150Mbps Wireless N Router TL-WR740N - Welcome to TP-LINK

WR720RN is priced at Rs 631 on Amazon compared to Rs 864 for the WR740RN

How much will the external antennae matter ? Looking for a simple WiFi router for general internet sharing, no bandwidth control or multiple SSID features required. Just need signal strength to be good enough to access across 3 rooms. 

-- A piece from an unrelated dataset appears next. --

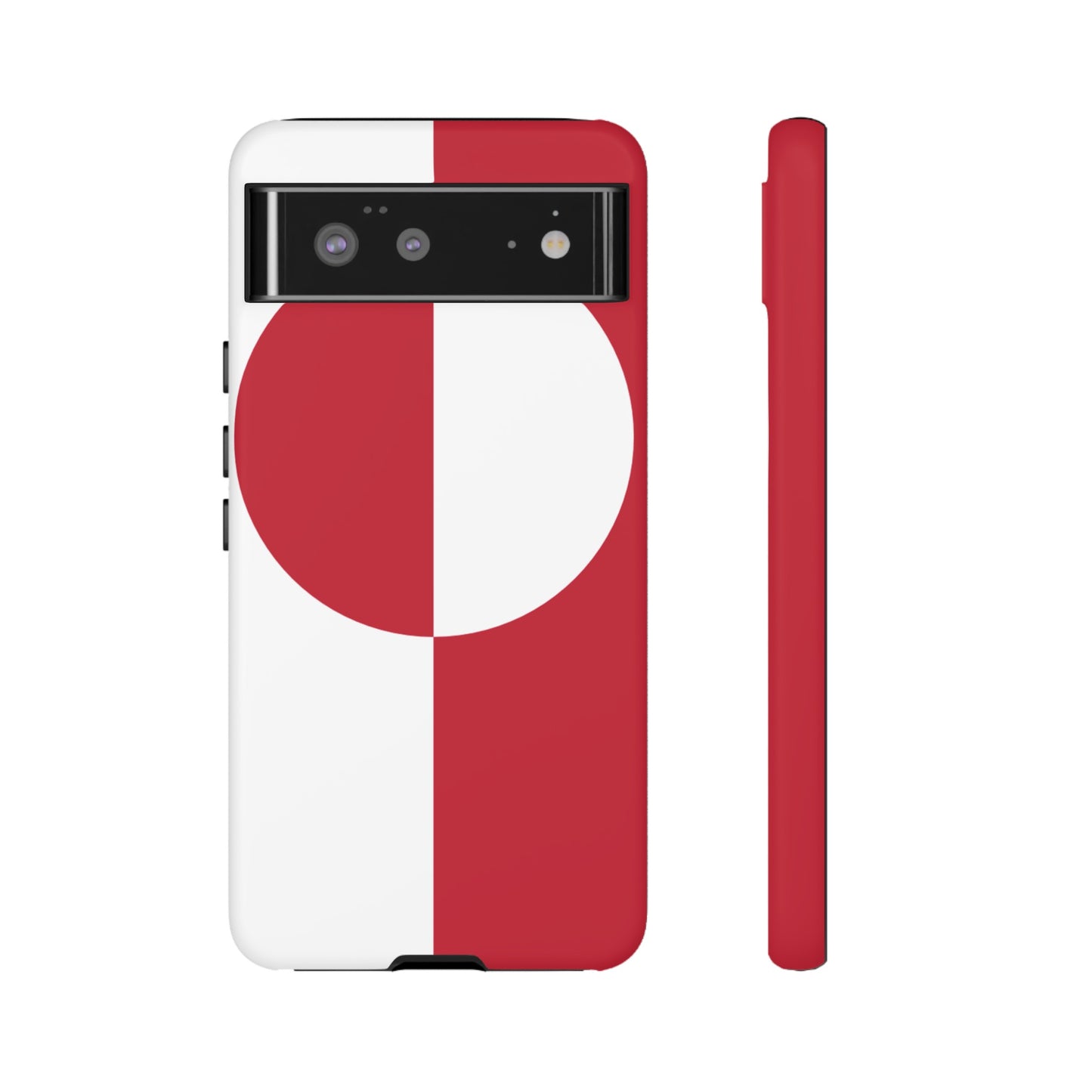 Greenland (Denmark) Flag Phone Case | iPhone 15 Plus/ Pro, 14, 13, 12| Google Pixel 7, Pro, 5| Samsung Galaxy S23 All Major Phone Models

While being as cheap as possible


----------



## powerhoney (Jun 29, 2015)

Go for the 740N... It performs better than the 720N with more range... Have personally experienced both...


----------



## krishnandu.sarkar (Jun 29, 2015)

Go for 740N if you are looking for access upto across 3 Rooms.


----------



## ankushv (Jun 29, 2015)

FYI I have the 841 n with two  5dbi external antenna . The range is the same as my 5 yr old belkin g router .


----------



## mitraark (Jun 30, 2015)

I also have a WR841N. Buying for a friend.

Ordered a WR720N because it's Rs 233 cheaper  #fingerscrossed


----------



## mitraark (Jul 3, 2015)

Set up the WR720N and getting 4-5 MB/s copying file from Homegroup PC, on a laptop 4 rooms 6 walls apart, 15-20 m away. Signal strength is definitely good enough I'd say.


----------